Biskie’s First Swear Words

September 14, 2005 at 11:45 am (Funny Shit)

Talking with Honey about those rare times when the Packers suck these days, he reminded me of one of those precious childhood milestones. This was in the first season or two of the Brett Favre era, before his recievers figured out how to catch his passes and the Packers were reminded of how to win at football. Biskie, my daughter, was just learning to talk. We were at Beo's house in Lice Lake, WI.

First, I have to tell you that my mother is a DIE-HARD Packer Fan. Remember the scenes in Die Hard where Bruce Willis has to romp over broken glass, and how awful that looked? Well, that's nothing compared to what my mother would do to get to a TV to watch the Pack on Sundays. We watched football EVERY fucking weekend, during the years when watching the Packers play was like watching a train wreck. I guess she just couldn't look away.

Anyhow, this particular season was starting to look promising, but there were times the only players who could catch the stuff Favre threw were wearing the wrong jerseys. Mom was on the couch, watching and muttering cuss words under her breath. Biskie and I were in the living room, half-watching the game and half-playing with something else, when Favre threw an exceptionally stunning pass, right to the wrong set of players. One of them caught it, prompting my mother to scream, "Sonofabitch!" at the top of her lungs.

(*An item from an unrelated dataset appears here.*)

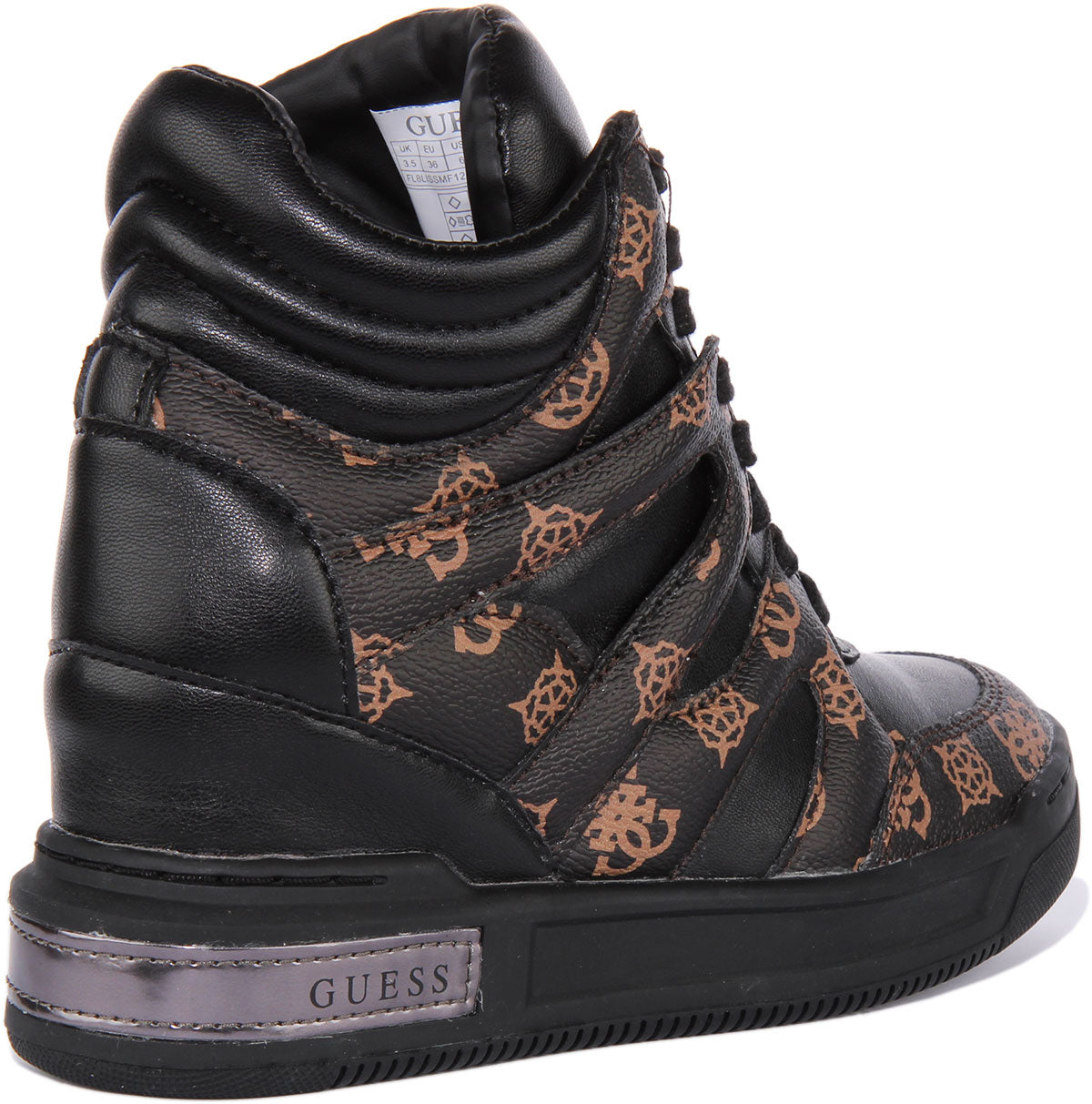 Guess Wedge Lisa Black Brown For Women Guess Wedge Trainers 4feetshoes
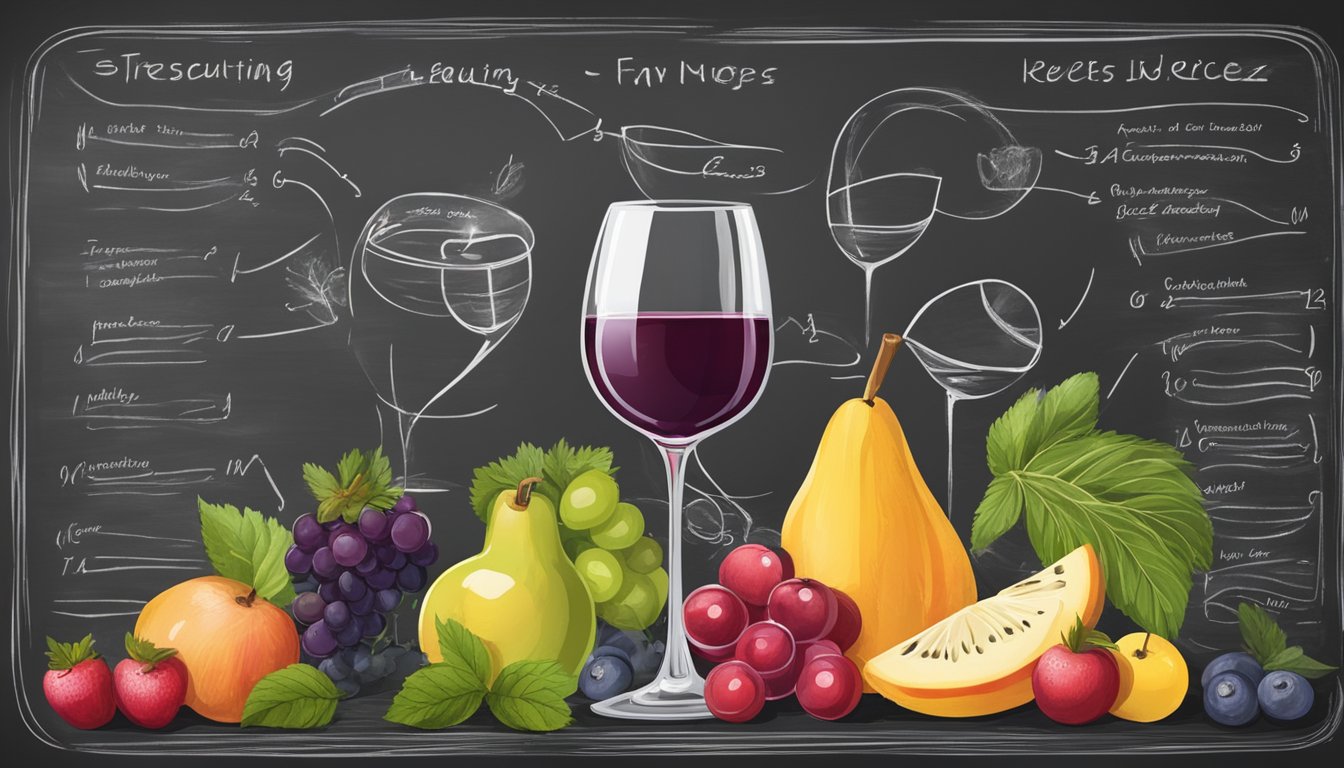 Two glasses of wine surrounded by various fruits and herbs, with flavor profiles and tasting notes written on a chalkboard in the background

Right behind her, as if on cue, two octaves higher, "Sonofabitch!"

My daughter, precious, beautiful, baby daughter, had just uttered her first swear words.

The whole house STOPPED–Mom looked like a deer caught in the headlights, I just looked at my Mom, and the baby played on. Then, I did exactly the wrong thing–I started to giggle.

I know, it's not good to encourage kids to repeat THAT stuff. I tried my damndest not to laugh. But it was going to happen whether I liked it or not. I started giggling, which started my mother giggling, which started the musical tinkle that was my daughter's laugh. What can I say–it was funny as hell, like it or not! Within seconds the whole house was laughing like potheads who just said "boobies."

My Mom did apologize, saying she hadn't wanted Biskie to learn to repeat the bad words as she learned to talk like my youngest brother Ghost had. Ghost's dad used to think it was hilarious to have him repeat things like "fuck" after his dear old dad, something Mom didn't think highly of (and less highly of once she got notes from Ghost's preschool letting her know that they didn't care for it much either). I did shrug it off, but it turns out Biskie's sisters and brother thought it was a scream to teach her swear words too. That bit me in the butt in another great story, which I'll save for another post.

I can still hear it, in that high, high voice.